## Supplied data
Start of Block
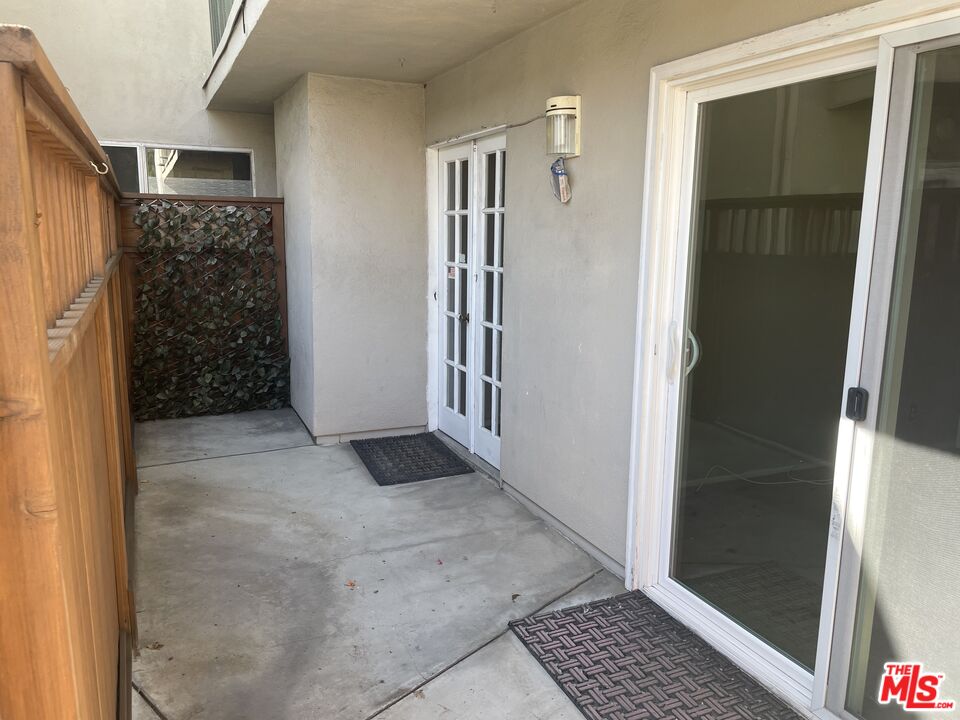 3640 Cardiff Avenue, Unit 108 Los Angeles, CA 90034 - Photo 10 of 14 a view of entryway with window and stairs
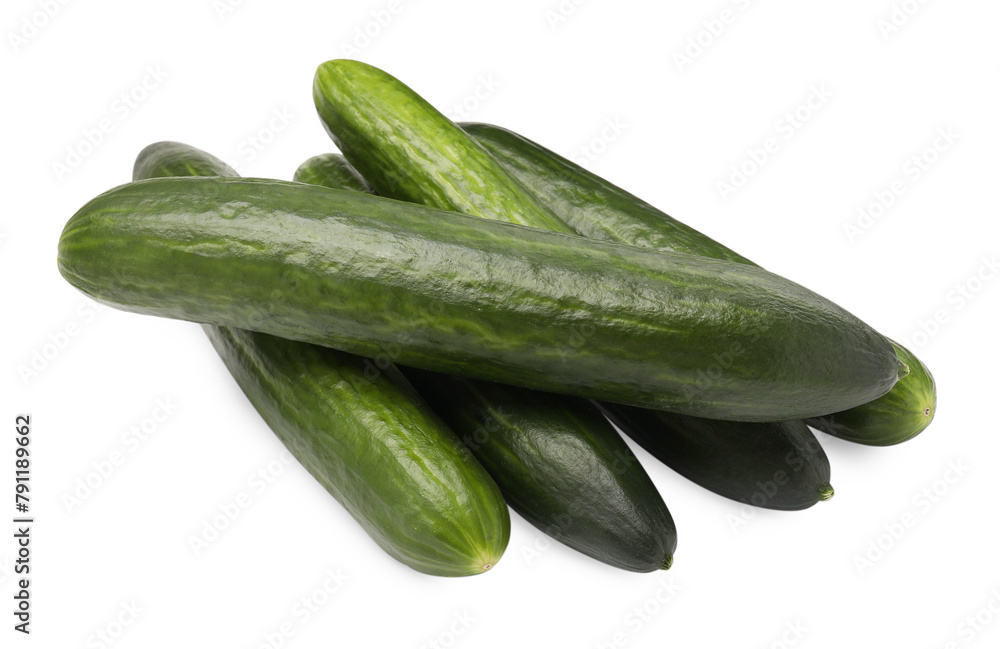 Many long fresh cucumbers isolated on white Many long fresh cucumbers isolated on white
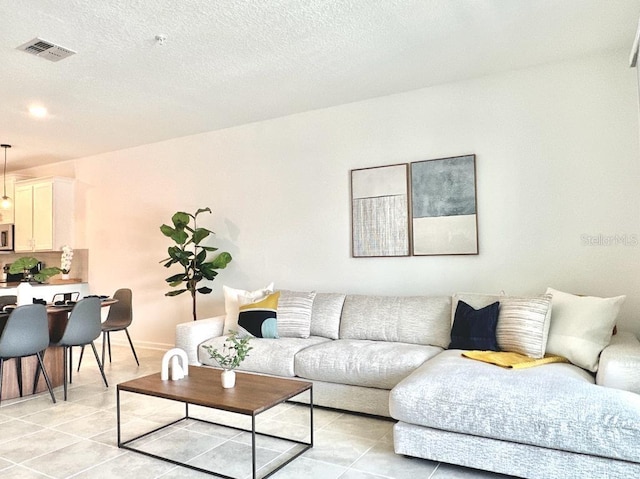 living room with a textured ceiling and light tile patterned floors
End of Block
## Aim of the exercise
Retype the listing above exactly. Pictures are not part of the copy.

## Expected answer
 3640 Cardiff Avenue, Unit 108 Los Angeles, CA 90034 - Photo 10 of 14 a view of entryway with window and stairs
 Many long fresh cucumbers isolated on white Many long fresh cucumbers isolated on white
 living room with a textured ceiling and light tile patterned floors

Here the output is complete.